Boundaries for Beginners

Boundaries. A popular therapy & self-care buzz word that’s thrown around all the time. Often boundaries are presented with the metaphor of a fence separating your yards from your neighbors. You are responsible to water your own garden & take care of what’s in your yard, regardless of what’s going on in your neighbors’ side. That’s lovely, but what does that mean?

We could spend many blogs talking about boundaries, but for the sake of simplicity, at their core, boundaries are a combination of a request + a commitment to yourself for the aim of taking care of yourself. Let’s break that down:

Request: Asking someone to do something or refrain from doing something. Making a clear request about your expectations sets you up for success. Other people can’t read your mind, nor is it fair to punish others for request we have not communicated. Remember, the other person has the right to say yes, no, or let’s negotiate to the request you present.

Examples: “Please don’t yell at me” or “Please be here by 3pm”.

Commitment to yourself: This is what you will do to take care of yourself if the other person is not willing or able to agree to your request. This piece of the puzzle is essential, and is the most neglected part of setting & maintaining boundaries. When clients say “They don’t respect my boundaries!” or “My boundaries aren’t working!” it’s usually because they have not followed through on their responsibility to themselves. The only person you can control is yourself.

Examples: “If you speak to me that way, I will leave the conversation until we can speak calmly to each other.” or “I’ll be leaving at 3pm, so if you aren’t here on time, you’ll need to find another ride.”

Boundaries exist for your self-care & enable you to live within your values. They are not intended to change another person’s behaviors. At the end of the day, a boundary may have an impact on how another person treats you, but the end goal of successful boundaries is to take care of yourself. Successful boundaries will help you look in the mirror and feel good about how you behaved, whether the other person “respected your boundary” or not.

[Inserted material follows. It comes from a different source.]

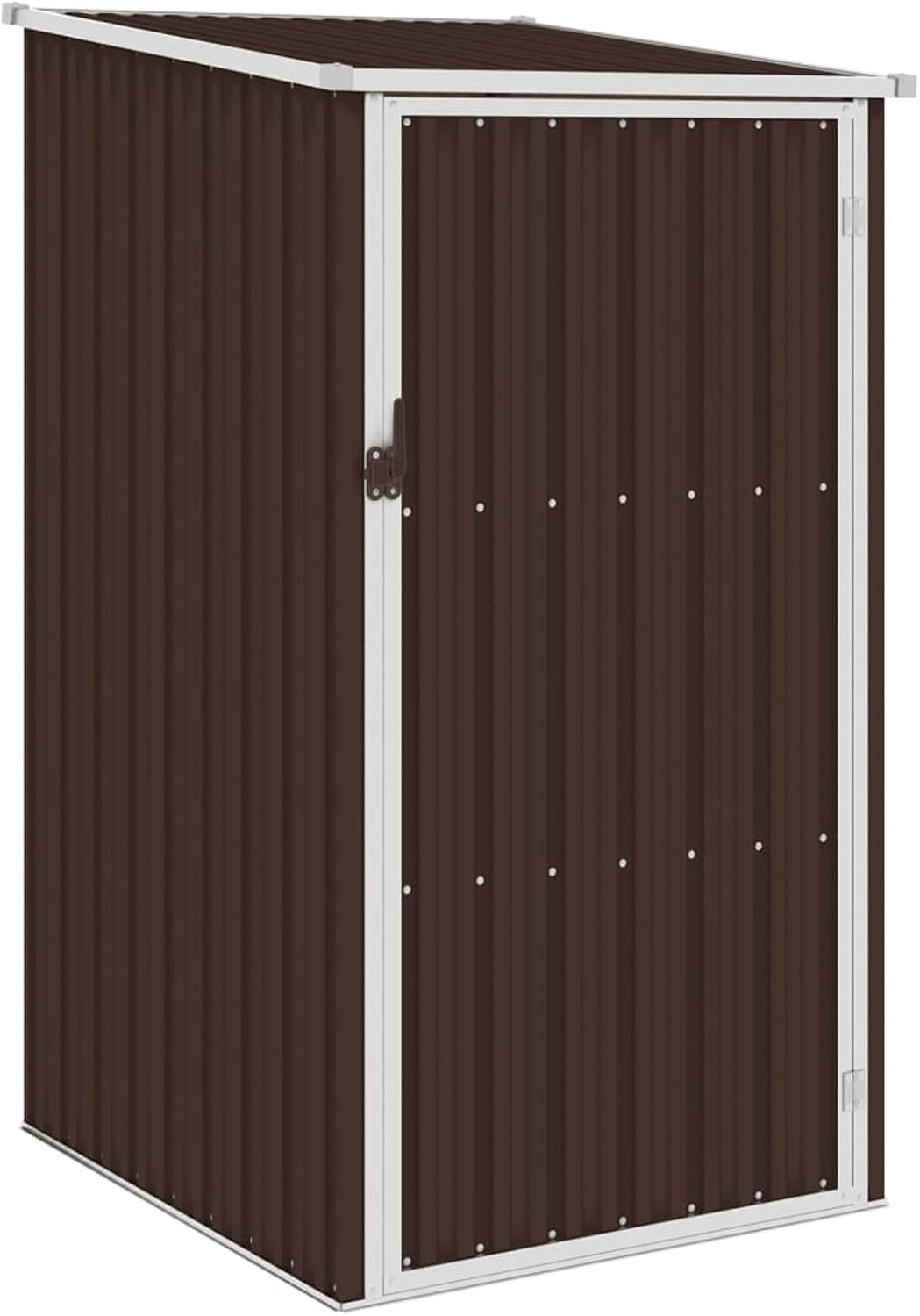 Tidyard Garden shed, outdoor shed, with galvanised steel door, brown, 87 x 98 x 159 cm, garden shed, steel shed, tool shed made of steel, tool shed made of steel - QUORE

On the boundary struggle bus? You are not alone. Boundaries are hard work and take lots of practice. Reach out if you’d like some support taking the next step toward a healthy, boundaried life.

Boundary Myths

Many people aren’t taught what boundaries are or how to properly set them. Just like any new skill, learning to set boundaries can feel clumsy and awkward at first. As you learn how to set boundaries, you may run into some common myths:

1. Setting boundaries is mean.

I hear this one a lot, “I don’t want to be mean, but… I feel so rude!” When you are used to accommodating other people's’ needs and ignoring your own, setting boundaries can feel cold. Boundaries are not meant to control or manipulate others, they are intended to protect you from being taken advantage of.

2. Boundaries are punishment.

While there may be natural consequences involved in boundaries, they are not intended to be punitive in nature. Boundaries exist to say, “here is my line in the sand, please don’t cross it. If you do cross it, I will need to ____ in order to take care of myself.” Boundaries exist to protect and care for the boundary maker, not punish the boundary breaker.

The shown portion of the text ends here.